India has a 7,600km coastline and the government is currently devising a regulatory framework for the first offshore wind auctions off the coast of Tamil Nadu, the country’s southernmost state, and Gujarat, in the north.

The companies said offshore wind had the potential to create “significant” infrastructure development and jobs in the two states.

Under the terms of the MoU, RWE and Tata Power Renewable Energy will use their “complementary strengths” to help establish a competitive offshore wind market in India.

Tata Power is one of India’s largest integrated power companies, while RWE has expertise in offshore wind projects.

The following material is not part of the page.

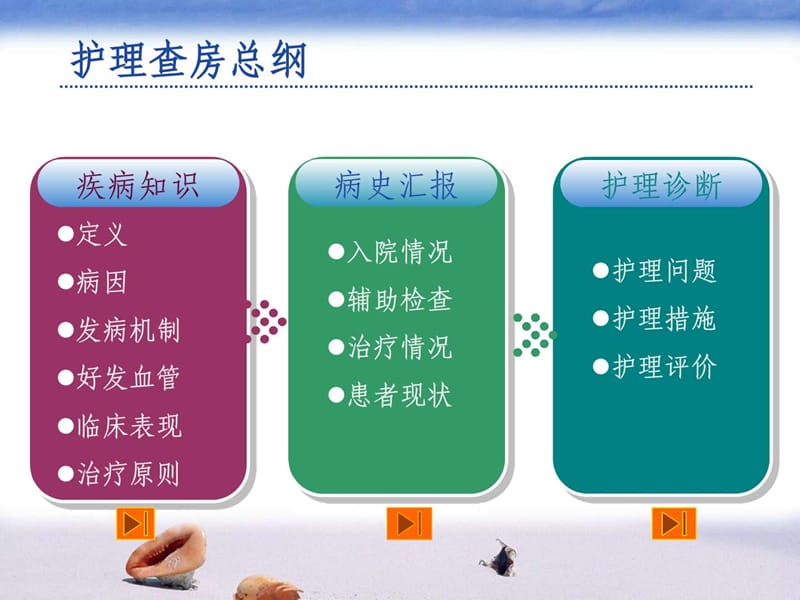 脑梗塞护理查房_图文.ppt_第2页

RWE has stated that it intends to triple its global offshore wind capacity from 2.4GW to 8GW by 2030, and has earmarked growth in Europe, North America and the Asia Pacific region, including India.

The company will begin to staff its existing office in India with experienced offshore wind staff from the country as well as Europe to ensure that it has the necessary expertise in place.  

Tata power has a portfolio of nearly 5GW of renewable power, of which around 1.8GW is under construction.

The companies have not stated whether they envisage using floating platforms or fixed-bottom foundations or how much capacity they intend to build.

Fact-finding

As part of the MoU, the two companies will conduct technical and commercial assessments of potential sites for offshore wind, as well as evaluate existing infrastructure, such as ports and grid connections.

This will help identify existing strengths in the offshore wind supply chain as well as what development is still needed.

Sven Utermöhlen, chief executive of offshore wind for RWE Renewables, said: “India has excellent wind resources, which can help to meet the country’s increasing energy demands. If clear regulations and an effective tender scheme are in place, we expect India’s offshore wind industry will gain a real momentum.” 

Dr Praveer Sinha, chief executive and managing director of Tata Power, said: “In view of the Indian government's heightened focus on offshore wind farms to address the country's expanding electricity demands, the collaboration [with RWE] becomes even more significant.”